Reavis, Dick J. The Ashes of Waco: An Investigation. New York, 1995. A balanced account, but mostly critical of the government, by a seasoned reporter who spent months investigating after the tragedy.
Tabor, James D., and Eugene V. Gallagher. Why Waco?: Cults and the Battle for Religious Freedom in America. Berkeley, Calif., 1995. A full account that not only covers Waco and the theology of Koresh and his followers but also explores the more general issue of when and how groups get the label of "cult" in our society
Thibodeau, David, and Leon Whiteson. A Place Called Waco: A Survivor's Story. New York, 1999. One of the only full accounts from a member of the group who lived through the siege and survived the fire.

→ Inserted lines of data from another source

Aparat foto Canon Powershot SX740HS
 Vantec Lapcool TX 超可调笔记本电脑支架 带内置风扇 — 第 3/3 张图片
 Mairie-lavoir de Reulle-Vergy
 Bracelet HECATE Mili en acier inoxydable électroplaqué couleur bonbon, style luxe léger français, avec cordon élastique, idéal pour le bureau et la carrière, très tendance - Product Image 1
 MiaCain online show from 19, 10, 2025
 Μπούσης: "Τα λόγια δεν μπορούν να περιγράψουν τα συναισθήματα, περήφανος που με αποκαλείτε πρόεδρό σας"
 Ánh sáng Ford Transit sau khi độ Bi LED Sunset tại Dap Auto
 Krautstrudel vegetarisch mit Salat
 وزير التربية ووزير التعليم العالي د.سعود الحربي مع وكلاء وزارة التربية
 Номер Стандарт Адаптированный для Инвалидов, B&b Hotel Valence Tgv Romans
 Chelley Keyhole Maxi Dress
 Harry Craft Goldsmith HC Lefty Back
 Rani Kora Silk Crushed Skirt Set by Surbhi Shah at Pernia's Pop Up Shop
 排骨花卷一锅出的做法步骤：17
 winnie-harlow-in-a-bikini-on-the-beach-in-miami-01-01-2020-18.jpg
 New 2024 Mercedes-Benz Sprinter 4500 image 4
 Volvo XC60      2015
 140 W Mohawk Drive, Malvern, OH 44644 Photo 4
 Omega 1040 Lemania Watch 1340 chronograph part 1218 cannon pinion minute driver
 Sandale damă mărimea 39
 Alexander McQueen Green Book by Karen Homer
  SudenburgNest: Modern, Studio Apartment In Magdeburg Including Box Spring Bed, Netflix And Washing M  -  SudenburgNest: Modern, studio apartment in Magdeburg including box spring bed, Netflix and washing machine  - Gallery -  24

Wessinger, Catherine. How the Millennium Comes Violently: From Jonestown to Heaven's Gate. New York, 2000. Contains a chapter on "Waco" that offers a wider interpretation related to millennial visions and the issue of violence.
Wright, Stuart A., ed. Armageddon in Waco: Critical Perspectives on the Branch Davidian Conflict. Chicago, 1995. An excellent collection of academic essays dealing with all aspects of Waco and the matter of "cults" in our society.